[Saved entries]

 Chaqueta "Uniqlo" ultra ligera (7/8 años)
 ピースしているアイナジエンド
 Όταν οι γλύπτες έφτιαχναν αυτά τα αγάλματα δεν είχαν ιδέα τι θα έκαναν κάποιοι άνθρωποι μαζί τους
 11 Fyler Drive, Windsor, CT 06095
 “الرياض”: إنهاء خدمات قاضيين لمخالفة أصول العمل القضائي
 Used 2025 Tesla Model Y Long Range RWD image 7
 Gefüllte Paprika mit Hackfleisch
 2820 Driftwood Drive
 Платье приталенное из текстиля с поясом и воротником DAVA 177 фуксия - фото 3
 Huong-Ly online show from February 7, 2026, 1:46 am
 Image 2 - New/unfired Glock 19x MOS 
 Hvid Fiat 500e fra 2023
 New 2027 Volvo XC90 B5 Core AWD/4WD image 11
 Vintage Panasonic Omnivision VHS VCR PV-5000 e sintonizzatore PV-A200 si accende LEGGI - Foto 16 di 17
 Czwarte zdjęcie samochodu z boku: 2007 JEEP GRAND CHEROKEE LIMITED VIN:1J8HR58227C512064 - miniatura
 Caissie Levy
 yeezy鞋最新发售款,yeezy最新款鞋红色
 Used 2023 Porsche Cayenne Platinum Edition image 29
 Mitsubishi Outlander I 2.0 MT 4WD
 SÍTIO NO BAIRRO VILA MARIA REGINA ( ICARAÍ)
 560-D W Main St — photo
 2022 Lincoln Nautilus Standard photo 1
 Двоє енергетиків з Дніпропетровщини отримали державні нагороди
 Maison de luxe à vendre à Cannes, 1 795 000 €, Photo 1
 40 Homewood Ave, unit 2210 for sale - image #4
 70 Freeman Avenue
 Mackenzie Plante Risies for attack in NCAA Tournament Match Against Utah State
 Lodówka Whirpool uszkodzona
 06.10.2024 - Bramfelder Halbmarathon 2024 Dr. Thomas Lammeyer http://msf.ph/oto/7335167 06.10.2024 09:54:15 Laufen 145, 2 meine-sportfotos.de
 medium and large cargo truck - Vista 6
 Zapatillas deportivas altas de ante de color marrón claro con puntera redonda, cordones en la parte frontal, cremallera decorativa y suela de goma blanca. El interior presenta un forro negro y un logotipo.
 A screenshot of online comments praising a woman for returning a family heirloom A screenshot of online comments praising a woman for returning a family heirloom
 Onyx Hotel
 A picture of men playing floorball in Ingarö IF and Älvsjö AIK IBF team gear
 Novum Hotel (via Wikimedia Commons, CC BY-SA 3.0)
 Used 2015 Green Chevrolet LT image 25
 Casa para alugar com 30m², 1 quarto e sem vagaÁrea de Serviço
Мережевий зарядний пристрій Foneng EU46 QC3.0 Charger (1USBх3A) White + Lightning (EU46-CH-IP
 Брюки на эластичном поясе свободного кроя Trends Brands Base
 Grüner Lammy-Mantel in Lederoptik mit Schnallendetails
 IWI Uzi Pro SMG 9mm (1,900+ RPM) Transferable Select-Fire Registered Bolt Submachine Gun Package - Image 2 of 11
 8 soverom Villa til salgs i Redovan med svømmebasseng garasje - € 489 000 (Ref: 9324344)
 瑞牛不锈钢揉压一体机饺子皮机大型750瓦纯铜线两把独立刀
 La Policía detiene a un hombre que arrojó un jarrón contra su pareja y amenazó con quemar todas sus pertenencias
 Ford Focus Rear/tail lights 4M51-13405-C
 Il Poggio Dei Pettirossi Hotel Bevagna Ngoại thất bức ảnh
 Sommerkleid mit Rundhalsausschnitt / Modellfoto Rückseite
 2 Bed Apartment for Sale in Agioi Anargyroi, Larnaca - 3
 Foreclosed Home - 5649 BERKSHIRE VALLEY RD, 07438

→ ACTIVITY: Pull out every line of the records that includes the string "Hotel".

→ EXPECTED ANSWER:
 Onyx Hotel
 Novum Hotel (via Wikimedia Commons, CC BY-SA 3.0)
 Il Poggio Dei Pettirossi Hotel Bevagna Ngoại thất bức ảnh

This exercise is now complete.